To determine the time required to consume half of A, we must first determine the rate law for the reaction based on the provided kinetic data.

From the data, we can write the general rate law for the reaction as:

$$ \text{Rate} = k [A]^m [B]^n $$

We can now use the experimental data to find the values of the exponents $ m $ and $ n $, as well as the rate constant $ k $.

From Experiment I and II, we can see that the initial concentration of A remains constant at 0.10 M while the concentration of B changes.

$$ \begin{align*} \text{Experiment I:} \quad \text{Rate} = k [0.10]^m [0.20]^n &= 6.93 \times 10^{-3} \, \text{mol L}^{-1} \text{min}^{-1} \\ \text{Experiment II:} \quad \text{Rate} = k [0.10]^m [0.25]^n &= 6.93 \times 10^{-3} \, \text{mol L}^{-1} \text{min}^{-1} \end{align*} $$

By comparing the rates from Experiment I and II:

$$ \frac{[0.10]^m [0.25]^n}{[0.10]^m [0.20]^n} = \frac{6.93 \times 10^{-3}}{6.93 \times 10^{-3}} $$

$$ \frac{[0.25]^n}{[0.20]^n} = 1 \implies \left(\frac{0.25}{0.20}\right)^n = 1 \implies n = 0 $$

Thus, the reaction is zero order with respect to B.

Next, we compare Experiment I and III to determine the order with respect to A:

$$ \begin{align*} \text{Experiment I:} \quad \text{Rate} = k [0.10]^m [0.20]^0 &= 6.93 \times 10^{-3} \, \text{mol L}^{-1} \text{min}^{-1} \\ \text{Experiment III:} \quad \text{Rate} = k [0.20]^m [0.30]^0 &= 1.386 \times 10^{-2} \, \text{mol L}^{-1} \text{min}^{-1} \end{align*} $$

$$ \frac{k [0.20]^m}{k [0.10]^m} = \frac{1.386 \times 10^{-2}}{6.93 \times 10^{-3}} $$

$$ \left( \frac{0.20}{0.10} \right)^m = 2 \implies (2)^m = 2 \implies m = 1 $$

Therefore, the reaction is first-order with respect to A.
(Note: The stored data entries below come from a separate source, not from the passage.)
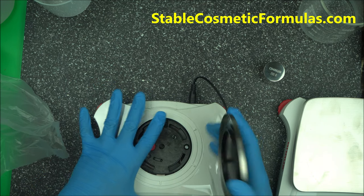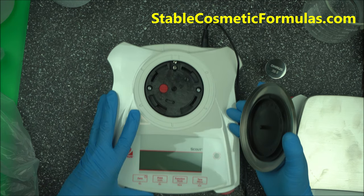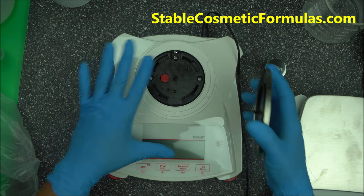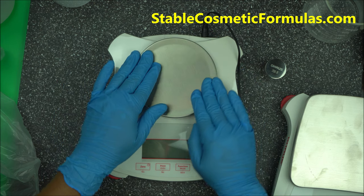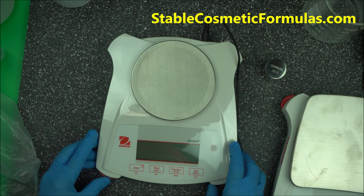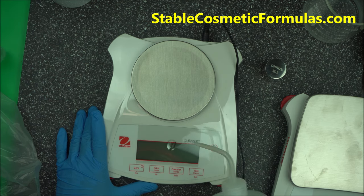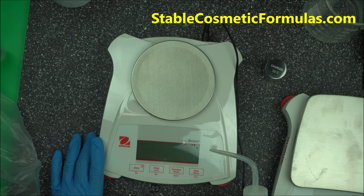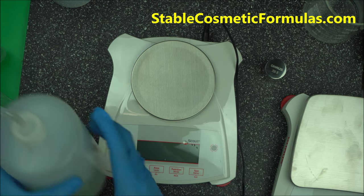If your version isn't fitting easily, open the cover first and let the pan section go down first, then set it down and cover it. You can see how water runs off the cover — that's how it protects your scale from spills.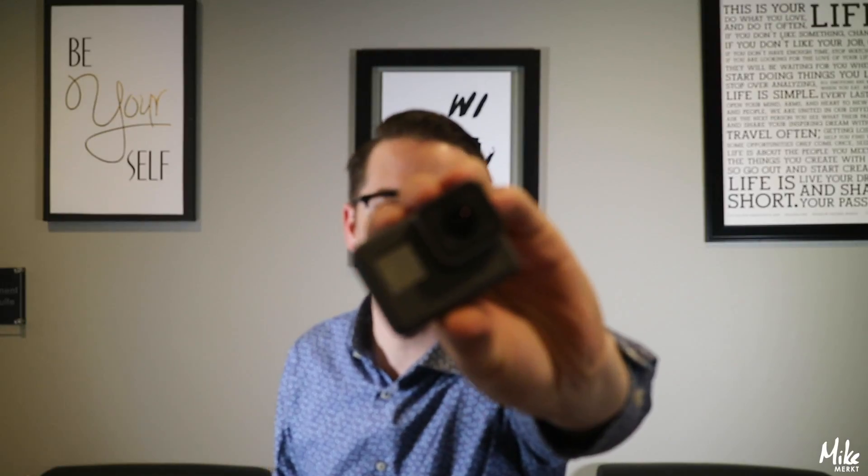We finally received our GoPro Hero 5 camera. So we got a GoPro Hero 5 camera. What this is going to allow us to do is allow us to really keep track of what's going on when we travel places. It's a lot easier to conceal than carrying around this large camera, and we'll also be able to take it when we go swimming and do all these super fun, adventurous things.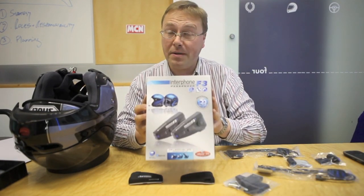Hello, my name is Dan Sager. I work for the UK importers of Interphone motorcycle communication systems. Today I'm going to show you how to fit an Interphone F3 system to a motorcycle helmet.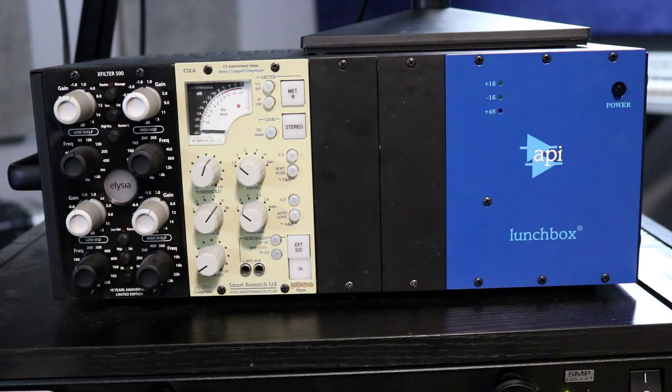So here's my Mixbus lunchbox. If you recall 2019, I had the API 529 in here. I sold that and used that money towards getting the Manly ELOP — I just wasn't using the API that much. My Mixbus is still the Smart C1LA and the Elysia X filter. Actually, I really haven't been using the C1LA that much this year; I've been using the Chameleon Lab 7721 on Mixbus. I am thinking of making some changes to this lunchbox next year, we'll see how that goes.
Now, we can write the rate law as:

$$ \text{Rate} = k [A]^1 $$

Let's calculate the rate constant $ k $ using data from any experiment (say Experiment I):

$$ 6.93 \times 10^{-3} = k \times 0.10 $$

$$ k = \frac{6.93 \times 10^{-3}}{0.10} = 6.93 \times 10^{-2} \, \text{min}^{-1} $$

To determine the half-life (time required to consume half of A) for a first-order reaction, we use the formula:

$$ t_{1/2} = \frac{0.693}{k} $$

Substituting the value of $ k $:

$$ t_{1/2} = \frac{0.693}{6.93 \times 10^{-2}} = 10 \, \text{minutes} $$

Therefore, the time required to consume half of A is:

Option B: 10